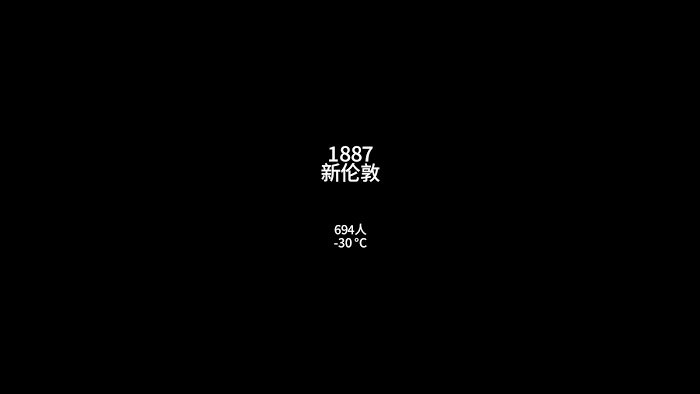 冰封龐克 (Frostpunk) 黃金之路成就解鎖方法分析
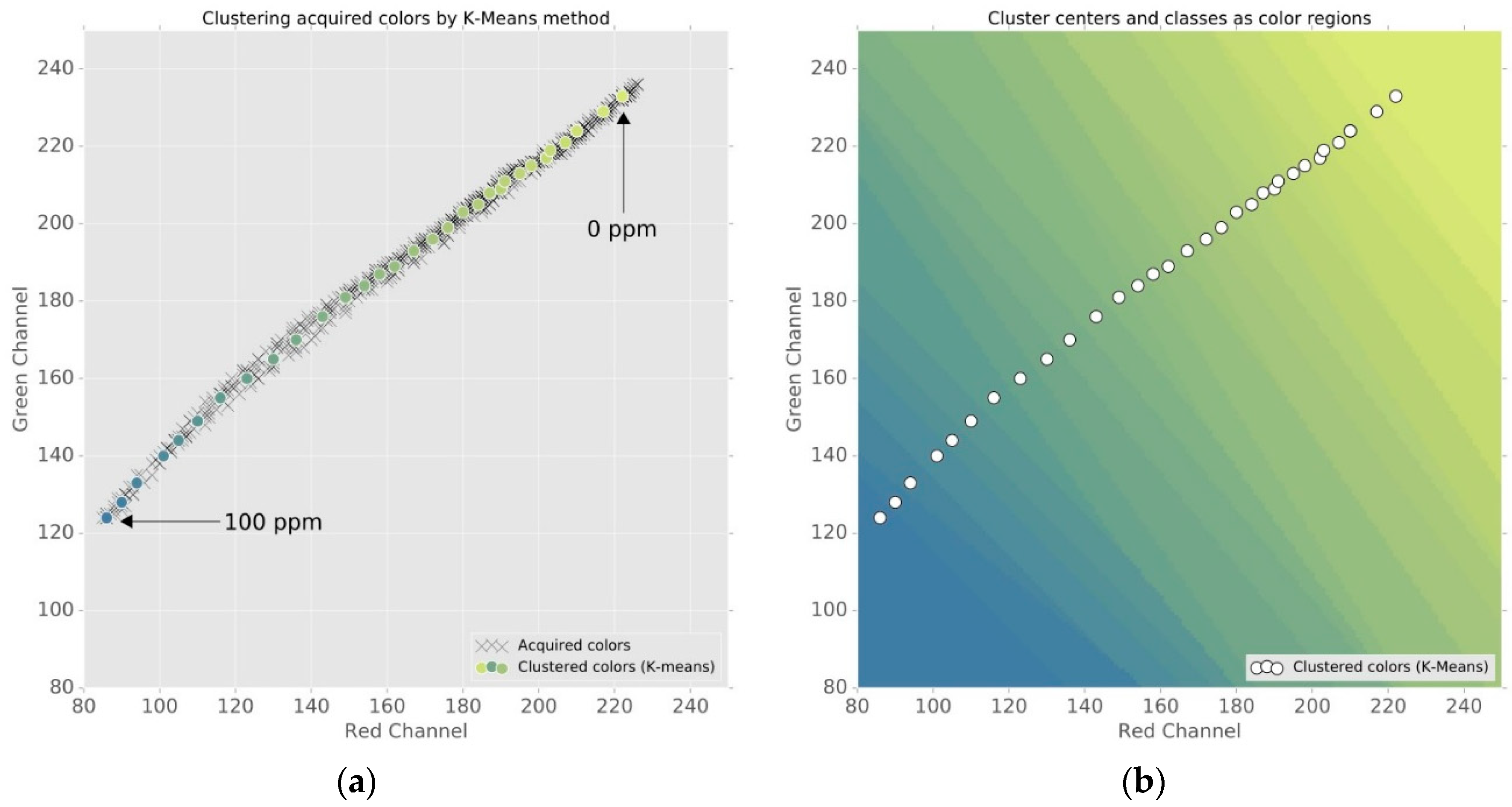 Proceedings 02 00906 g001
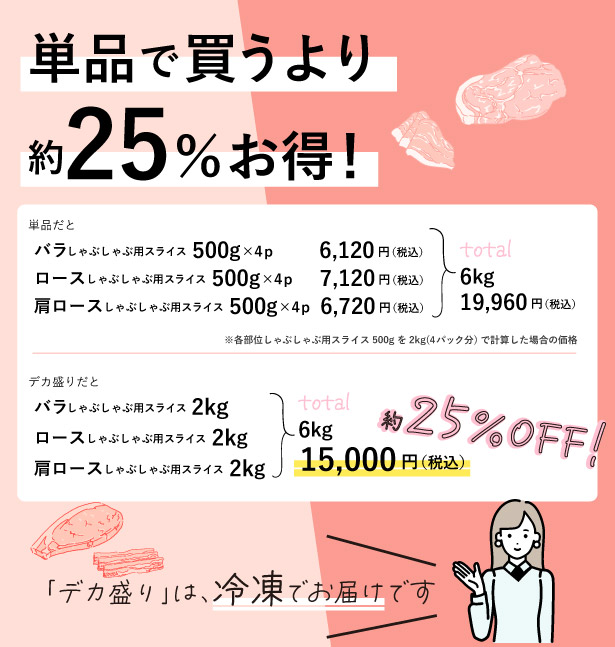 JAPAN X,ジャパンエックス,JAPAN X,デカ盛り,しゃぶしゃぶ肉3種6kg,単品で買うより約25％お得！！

• • • •

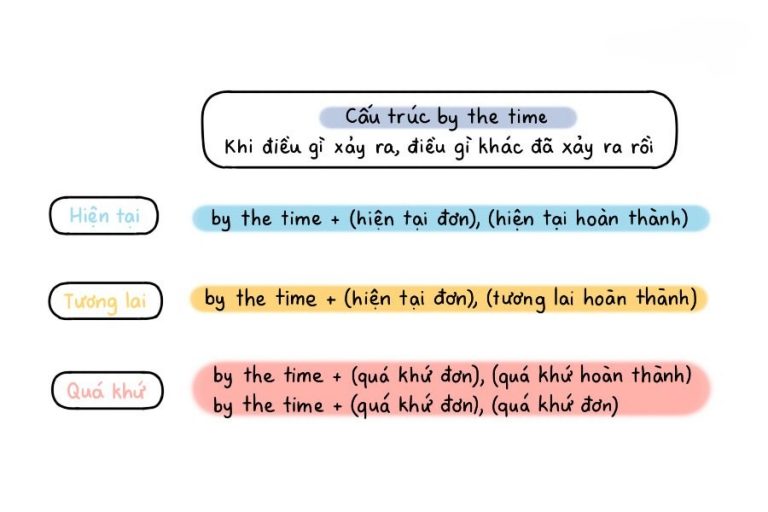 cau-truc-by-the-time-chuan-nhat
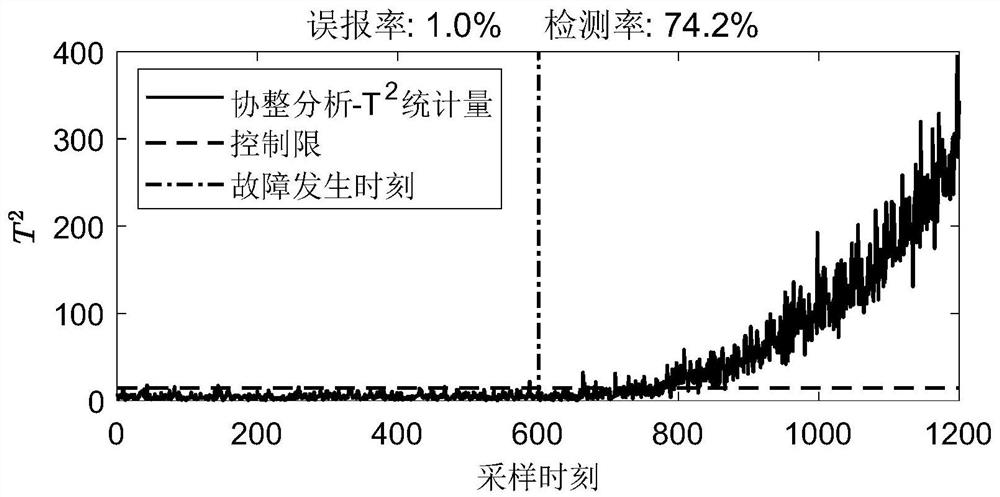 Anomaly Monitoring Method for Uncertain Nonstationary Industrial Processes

• • • •

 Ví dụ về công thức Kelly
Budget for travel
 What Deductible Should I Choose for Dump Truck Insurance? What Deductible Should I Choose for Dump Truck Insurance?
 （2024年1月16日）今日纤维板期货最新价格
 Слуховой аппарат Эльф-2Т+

• • • •

▸ **Task**:
An exact copy of the lines above from the one with "Proceedings 02 00906 g001" up to and including the one with "JAPAN X,ジャパンエックス,JAPAN X,デカ盛り,しゃぶしゃぶ肉3種6kg,単品で買うより約25％お得！！" is required; reproduce only those lines, omitting all pictures.

▸ **Answer to this exercise**:
 Proceedings 02 00906 g001
 JAPAN X,ジャパンエックス,JAPAN X,デカ盛り,しゃぶしゃぶ肉3種6kg,単品で買うより約25％お得！！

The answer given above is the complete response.